Emotional?
My comments are based on intervews conducted by me as well as others with Christian Poulsen, the CEO of Hasselblad at Photokina in September. I am simply reporting what we were told. Nothing emotional about the information, other of course than my response to it.
And as for the Canon 1Ds being a closed system, that's a complete non-sequitar. A Canon system doesn't have interchangable sensors (backs), which the H1 and H2 do. I would agree that the H3D is like a Canon in that you buy the camera and sensor as a system. The H1 and H2 are more like a film based system which allows the photographer to choose their recording medium.
The situation is simply this. Hasselblad has huge debt, and can't make enough money to service that debt by selling just cameras and lenses. Their margins on digital backs are much higher, but they have to share that market on the H1 and H2 with Phase One, Leaf and Sinar / Jenoptic.
By making the H3 incompable with any back other than their own they want to force photographers to buy H backs. By creating lenses which reply on software to correct for optical abberations they lower production costs as well as lock out the competition (through patent protection).
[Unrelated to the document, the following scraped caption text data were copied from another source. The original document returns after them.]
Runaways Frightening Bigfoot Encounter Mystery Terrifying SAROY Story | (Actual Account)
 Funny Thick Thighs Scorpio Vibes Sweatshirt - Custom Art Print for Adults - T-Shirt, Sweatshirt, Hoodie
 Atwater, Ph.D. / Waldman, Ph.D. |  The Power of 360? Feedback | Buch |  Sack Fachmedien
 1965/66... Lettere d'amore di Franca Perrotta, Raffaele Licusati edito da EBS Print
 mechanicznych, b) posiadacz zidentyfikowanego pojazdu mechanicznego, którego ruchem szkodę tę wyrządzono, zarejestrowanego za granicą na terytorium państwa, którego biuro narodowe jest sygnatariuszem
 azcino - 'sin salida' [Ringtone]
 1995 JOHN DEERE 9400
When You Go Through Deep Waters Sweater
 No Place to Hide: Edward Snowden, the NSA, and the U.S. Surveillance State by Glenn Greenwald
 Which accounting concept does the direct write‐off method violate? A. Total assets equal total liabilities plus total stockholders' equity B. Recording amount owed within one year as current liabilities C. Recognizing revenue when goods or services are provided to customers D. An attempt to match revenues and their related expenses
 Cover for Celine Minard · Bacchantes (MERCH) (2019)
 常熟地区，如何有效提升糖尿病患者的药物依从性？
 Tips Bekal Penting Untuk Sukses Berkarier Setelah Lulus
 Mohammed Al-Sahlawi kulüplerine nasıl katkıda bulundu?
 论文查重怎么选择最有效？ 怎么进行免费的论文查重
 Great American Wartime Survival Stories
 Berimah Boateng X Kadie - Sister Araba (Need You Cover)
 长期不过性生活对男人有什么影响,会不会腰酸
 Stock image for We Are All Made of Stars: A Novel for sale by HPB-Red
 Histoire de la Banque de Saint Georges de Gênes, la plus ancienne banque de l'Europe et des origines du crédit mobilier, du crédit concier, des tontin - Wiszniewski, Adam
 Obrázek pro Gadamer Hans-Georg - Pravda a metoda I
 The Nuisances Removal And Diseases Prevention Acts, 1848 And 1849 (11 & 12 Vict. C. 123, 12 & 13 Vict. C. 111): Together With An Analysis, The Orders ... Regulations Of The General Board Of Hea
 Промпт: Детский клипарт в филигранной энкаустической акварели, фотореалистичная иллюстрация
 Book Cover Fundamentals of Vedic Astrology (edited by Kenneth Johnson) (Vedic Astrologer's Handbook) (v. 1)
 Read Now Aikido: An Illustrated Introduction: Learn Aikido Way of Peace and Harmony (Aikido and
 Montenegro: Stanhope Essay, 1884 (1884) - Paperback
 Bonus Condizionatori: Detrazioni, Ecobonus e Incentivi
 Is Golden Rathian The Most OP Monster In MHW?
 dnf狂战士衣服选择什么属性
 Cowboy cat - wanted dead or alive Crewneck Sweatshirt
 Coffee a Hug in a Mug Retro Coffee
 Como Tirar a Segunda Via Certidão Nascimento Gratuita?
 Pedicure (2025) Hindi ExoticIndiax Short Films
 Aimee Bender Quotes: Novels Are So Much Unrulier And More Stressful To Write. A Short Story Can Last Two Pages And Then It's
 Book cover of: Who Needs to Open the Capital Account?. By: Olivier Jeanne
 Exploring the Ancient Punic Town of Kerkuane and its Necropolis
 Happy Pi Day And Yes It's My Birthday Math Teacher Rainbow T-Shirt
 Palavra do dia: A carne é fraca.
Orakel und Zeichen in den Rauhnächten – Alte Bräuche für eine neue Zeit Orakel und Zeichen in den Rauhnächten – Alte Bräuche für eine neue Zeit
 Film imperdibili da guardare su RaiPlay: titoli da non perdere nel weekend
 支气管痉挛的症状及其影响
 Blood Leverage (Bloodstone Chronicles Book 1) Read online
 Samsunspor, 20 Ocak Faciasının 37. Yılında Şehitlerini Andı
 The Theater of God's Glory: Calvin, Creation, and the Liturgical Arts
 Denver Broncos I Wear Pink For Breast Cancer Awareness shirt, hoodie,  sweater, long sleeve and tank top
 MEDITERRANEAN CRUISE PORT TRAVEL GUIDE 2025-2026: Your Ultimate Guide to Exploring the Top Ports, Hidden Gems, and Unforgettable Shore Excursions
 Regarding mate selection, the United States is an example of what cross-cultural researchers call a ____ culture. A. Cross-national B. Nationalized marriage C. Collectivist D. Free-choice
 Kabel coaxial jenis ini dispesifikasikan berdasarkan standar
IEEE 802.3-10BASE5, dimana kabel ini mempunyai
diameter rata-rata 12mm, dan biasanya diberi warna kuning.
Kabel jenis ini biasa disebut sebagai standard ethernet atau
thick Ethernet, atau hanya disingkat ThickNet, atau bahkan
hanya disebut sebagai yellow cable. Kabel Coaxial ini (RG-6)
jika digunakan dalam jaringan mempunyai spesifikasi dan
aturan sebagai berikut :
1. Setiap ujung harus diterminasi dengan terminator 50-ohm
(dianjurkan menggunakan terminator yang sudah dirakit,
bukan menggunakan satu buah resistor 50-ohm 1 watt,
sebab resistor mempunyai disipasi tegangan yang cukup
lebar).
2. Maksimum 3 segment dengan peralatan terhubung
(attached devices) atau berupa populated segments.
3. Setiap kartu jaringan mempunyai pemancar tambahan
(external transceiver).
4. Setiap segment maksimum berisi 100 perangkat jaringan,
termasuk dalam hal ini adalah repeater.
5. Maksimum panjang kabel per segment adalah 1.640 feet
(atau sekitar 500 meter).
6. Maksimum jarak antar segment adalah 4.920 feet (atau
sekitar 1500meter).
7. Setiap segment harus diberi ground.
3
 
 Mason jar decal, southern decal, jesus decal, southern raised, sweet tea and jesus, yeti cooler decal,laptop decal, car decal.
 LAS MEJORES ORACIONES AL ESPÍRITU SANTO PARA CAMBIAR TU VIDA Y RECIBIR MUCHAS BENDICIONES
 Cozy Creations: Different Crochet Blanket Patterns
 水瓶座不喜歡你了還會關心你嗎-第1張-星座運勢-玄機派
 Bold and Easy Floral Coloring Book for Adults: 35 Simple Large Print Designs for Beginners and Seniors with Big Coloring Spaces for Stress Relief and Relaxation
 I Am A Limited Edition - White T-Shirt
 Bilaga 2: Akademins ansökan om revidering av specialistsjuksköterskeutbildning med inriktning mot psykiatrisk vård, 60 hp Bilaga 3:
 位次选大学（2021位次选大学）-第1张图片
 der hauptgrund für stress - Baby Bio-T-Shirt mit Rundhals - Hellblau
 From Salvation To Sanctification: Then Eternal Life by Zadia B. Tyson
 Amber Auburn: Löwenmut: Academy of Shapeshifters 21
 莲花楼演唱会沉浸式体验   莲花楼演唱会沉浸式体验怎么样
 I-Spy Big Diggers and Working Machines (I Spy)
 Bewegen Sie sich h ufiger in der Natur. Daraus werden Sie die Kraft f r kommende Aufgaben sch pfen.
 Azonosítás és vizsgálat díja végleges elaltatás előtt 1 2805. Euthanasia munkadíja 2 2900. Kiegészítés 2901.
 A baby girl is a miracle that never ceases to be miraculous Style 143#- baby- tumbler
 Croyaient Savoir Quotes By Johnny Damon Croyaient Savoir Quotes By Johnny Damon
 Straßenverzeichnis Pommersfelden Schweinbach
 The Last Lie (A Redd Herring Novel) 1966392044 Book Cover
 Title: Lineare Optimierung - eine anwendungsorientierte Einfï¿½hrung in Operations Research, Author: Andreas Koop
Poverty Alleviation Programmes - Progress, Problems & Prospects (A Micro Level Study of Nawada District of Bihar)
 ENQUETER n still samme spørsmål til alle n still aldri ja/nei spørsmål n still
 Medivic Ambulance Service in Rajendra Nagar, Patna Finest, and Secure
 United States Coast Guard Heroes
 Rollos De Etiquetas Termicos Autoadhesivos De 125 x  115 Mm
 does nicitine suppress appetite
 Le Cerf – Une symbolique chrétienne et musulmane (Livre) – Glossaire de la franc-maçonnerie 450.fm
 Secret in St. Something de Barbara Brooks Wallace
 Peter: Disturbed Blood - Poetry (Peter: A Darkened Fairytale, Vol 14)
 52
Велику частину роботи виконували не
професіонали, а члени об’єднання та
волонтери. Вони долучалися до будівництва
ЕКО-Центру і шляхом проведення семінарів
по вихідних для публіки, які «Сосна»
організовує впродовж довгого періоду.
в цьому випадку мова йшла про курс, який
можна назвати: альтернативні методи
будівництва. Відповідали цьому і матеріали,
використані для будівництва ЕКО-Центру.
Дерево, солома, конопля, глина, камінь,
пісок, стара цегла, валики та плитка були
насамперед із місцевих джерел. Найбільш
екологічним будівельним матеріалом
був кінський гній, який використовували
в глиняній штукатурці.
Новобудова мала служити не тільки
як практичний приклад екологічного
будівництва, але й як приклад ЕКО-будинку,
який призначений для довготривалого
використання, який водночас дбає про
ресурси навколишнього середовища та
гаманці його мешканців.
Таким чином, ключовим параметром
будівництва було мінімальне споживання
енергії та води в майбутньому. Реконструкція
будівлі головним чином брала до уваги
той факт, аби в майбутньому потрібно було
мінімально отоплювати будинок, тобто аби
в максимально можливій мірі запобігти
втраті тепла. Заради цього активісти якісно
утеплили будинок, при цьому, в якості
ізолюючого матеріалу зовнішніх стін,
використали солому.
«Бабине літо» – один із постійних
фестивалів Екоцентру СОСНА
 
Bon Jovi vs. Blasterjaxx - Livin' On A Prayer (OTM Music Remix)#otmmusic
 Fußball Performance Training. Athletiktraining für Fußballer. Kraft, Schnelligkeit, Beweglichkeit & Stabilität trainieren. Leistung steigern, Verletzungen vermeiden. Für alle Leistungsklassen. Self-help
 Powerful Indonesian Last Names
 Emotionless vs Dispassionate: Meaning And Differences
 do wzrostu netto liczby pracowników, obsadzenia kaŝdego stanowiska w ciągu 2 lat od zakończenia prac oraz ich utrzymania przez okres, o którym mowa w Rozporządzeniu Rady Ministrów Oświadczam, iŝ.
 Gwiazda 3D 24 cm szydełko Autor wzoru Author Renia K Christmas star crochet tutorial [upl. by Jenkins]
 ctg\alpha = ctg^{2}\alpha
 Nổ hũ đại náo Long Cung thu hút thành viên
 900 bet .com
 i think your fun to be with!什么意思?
It's a marketing strategy, that's all. And based on reaction by photographers and dealers so far, a highly flawed one. It's also thrown off course by the F&H Hy6, which likely blindsided Hasselblad. Soon there will be an alternative medium format system backed by all of its digital back competators. Without the Hy6 Hasselblad "might" have been able to force their program down our throats. With it, it seems to me to be a doomed strategy.
As someone who owns an H1, H2 and four H lenses this is of more than academic interest. So, if my tone seems emotional – well, it is. On the other hands, I am simply stating the facts as I know them. If anyone has definitive information to the contrary I'll be pleased to hear it, and publish it.
In fact, if anyone from Hasselblad reads this, I would be happy to provide an online forum for a debate on the matter.